Si Charlety est capable d’accueillir jusqu’à 20 000 personnes (lors de la venue du Stade français par exemple), il se trouve aujourd’hui dans une configuration plus modeste et accueille seulement 4000 personnes à un horaire peu propice, 17 h 15. Il faut croire que la fédération fait tout pour que son équipe de France féminine ne fasse pas trop d’ombres aux hommes…

 Pas d’écran géant en route, speaker minimaliste, mais on notera quand même la distribution de drapeaux tricolores, la présence du président Noel Le Graet et un prix des places très accessible (de 7 à 22 euros). Dans le public, un bon cinquième de supporters japonais, parfois des couples franco-japonais, un public tous âges et familial. En effet, le public du foot féminin est autrement plus calme et respectueux que celui du foot masculin. Et ce, à l’image du jeu pratiqué avec élégance, en accord avec les fondamentaux de ce sport, loin des dérives de bourrins et autres amateurs de collisions physiques.

Dès l’échauffement, les spectateurs remarquent la différence entre les deux équipes : les Françaises sont concentrées et appliquées sur leur course pendant que les japonaises travaillent leur technique et leur collectif. Ces dernières devaient prendre leurs marques après un voyage en avion en classe touriste tandis que l’équipe des espoirs homme, couronné d’aucun titre, voyageait en business class – quelle classe ! La France jouera en bleu tandis que le Japon arbore une inhabituelle tenue rouge et blanche. Les 2 équipes rejoignent les vestiaires et le stade finit de se remplir. De nombreux clubs de foot de la région parisienne sont venus profiter de l’aubaine. C’est la France dans sa diversité qui chante (hurle parfois) l’hymne français lors de la présentation des équipes, après un hymne japonais solennel et émouvant.

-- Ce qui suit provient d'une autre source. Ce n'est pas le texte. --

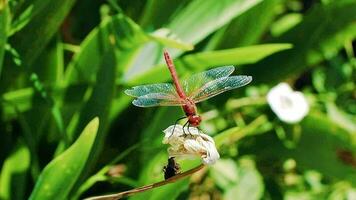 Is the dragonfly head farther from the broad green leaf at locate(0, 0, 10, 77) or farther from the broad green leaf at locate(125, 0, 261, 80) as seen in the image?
the broad green leaf at locate(125, 0, 261, 80)

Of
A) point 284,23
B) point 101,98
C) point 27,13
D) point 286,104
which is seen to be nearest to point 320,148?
point 286,104

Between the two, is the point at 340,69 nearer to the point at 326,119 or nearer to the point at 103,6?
the point at 326,119

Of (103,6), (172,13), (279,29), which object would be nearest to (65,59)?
(103,6)

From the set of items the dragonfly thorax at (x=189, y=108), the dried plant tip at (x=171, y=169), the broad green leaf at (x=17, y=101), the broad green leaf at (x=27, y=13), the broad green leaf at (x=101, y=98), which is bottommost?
the dried plant tip at (x=171, y=169)

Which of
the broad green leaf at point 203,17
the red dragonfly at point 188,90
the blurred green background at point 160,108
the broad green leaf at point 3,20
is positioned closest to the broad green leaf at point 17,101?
the blurred green background at point 160,108

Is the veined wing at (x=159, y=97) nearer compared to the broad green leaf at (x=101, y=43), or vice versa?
the veined wing at (x=159, y=97)

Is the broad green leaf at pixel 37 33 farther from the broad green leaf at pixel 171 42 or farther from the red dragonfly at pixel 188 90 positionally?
the red dragonfly at pixel 188 90

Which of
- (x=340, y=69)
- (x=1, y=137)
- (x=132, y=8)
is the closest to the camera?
(x=1, y=137) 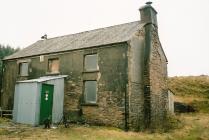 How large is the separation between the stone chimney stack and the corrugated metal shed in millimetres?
7903

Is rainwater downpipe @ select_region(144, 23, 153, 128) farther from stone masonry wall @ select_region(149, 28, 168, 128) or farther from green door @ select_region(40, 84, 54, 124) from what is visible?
green door @ select_region(40, 84, 54, 124)

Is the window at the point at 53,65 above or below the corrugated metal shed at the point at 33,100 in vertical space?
above

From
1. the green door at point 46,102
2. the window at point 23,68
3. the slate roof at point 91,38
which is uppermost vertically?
the slate roof at point 91,38

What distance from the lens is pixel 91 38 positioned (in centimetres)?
2170

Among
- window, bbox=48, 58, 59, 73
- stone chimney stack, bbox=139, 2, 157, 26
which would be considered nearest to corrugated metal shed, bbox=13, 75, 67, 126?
window, bbox=48, 58, 59, 73

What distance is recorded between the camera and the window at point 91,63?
19.1 m

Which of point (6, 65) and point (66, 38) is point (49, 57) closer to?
point (66, 38)

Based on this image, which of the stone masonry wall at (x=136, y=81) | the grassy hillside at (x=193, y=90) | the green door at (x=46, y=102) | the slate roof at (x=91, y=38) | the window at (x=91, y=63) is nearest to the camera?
the stone masonry wall at (x=136, y=81)

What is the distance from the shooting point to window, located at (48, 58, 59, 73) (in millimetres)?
21253

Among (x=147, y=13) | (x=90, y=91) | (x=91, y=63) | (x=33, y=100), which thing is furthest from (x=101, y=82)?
Result: (x=147, y=13)

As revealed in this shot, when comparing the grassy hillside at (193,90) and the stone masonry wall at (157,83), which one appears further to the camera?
the grassy hillside at (193,90)

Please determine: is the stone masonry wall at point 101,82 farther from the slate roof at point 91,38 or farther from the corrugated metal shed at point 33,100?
the corrugated metal shed at point 33,100

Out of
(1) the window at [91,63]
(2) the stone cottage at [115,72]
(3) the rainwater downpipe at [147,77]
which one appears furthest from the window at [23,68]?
(3) the rainwater downpipe at [147,77]

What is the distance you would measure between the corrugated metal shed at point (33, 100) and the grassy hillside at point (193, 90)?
15412 mm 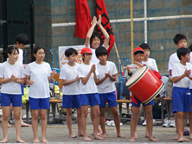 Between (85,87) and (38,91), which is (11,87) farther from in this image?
(85,87)

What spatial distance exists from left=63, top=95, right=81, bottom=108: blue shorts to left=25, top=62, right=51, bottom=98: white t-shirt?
0.59 meters

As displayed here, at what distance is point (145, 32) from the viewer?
13.0 metres

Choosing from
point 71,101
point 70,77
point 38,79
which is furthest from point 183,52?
point 38,79

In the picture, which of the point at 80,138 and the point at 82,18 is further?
the point at 82,18

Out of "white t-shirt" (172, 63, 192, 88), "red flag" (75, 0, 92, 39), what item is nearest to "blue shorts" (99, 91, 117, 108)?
"white t-shirt" (172, 63, 192, 88)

C’est parti, le coup d’envoi est donné. Comme d’habitude, le jeu est rapide, mais plus accroché au milieu de terrain que lors des précédents matchs de préparation. Les Japonaises pressent les Françaises qui le leur rendent bien. Bien vite, on constate que les Japonaises n’ont pas retrouvé leur technique habituelle et se font souvent dépasser par les bleues. Les Françaises s’obstinent sur leur aile droite avec Thiney, Thomis, Delie et touchent une première fois la transversale. Aussitôt les Japonaises répliquent par leur vivacité de jeu. Mais la délivrance viendra bien de l’aile gauche avec l’inévitable Sonia Bompastor et sa passe millimétrée à Delie qui s’infiltre entre deux défenseuses pour tromper la gardienne japonaise, toute de jaune fluo vêtue.

Piquées au vif, les Japonaises contre-attaquent et se créent encore une occasion que la gardienne française Sarah Bouhaddi contre miraculeusement. On sent que le match peut encore basculer et il faut toute la hargne d’une Camille Abily, d’une Corinne Franco ou d’une Louisa Necib, plus en retrait de l’attaque, mais plus collective, pour peser sur le match et contrer des Japonaises plutôt timides. Un coup franc japonais le rappelle et Homare Sawa, meilleure joueuse du monde, heurte le poteau français.

En seconde mi-temps, que va donner un match aussi indécis ? Est-ce le coaching, des essais tactiques ? Les Japonaises paraissent plus brouillonnes et moins rapides que d’ordinaire. Petit à petit, les Françaises assoient leur domination. C’est la tour de contrôle de la défense française, Wendy Renard, qui marque logiquement le deuxième but. Le score paraît sévère pour des Japonaises qui ne se relâchent pas, mais manquent d’imagination et de ce surcroit de hargne qui avait fait la différence lors de la dernière coupe du monde.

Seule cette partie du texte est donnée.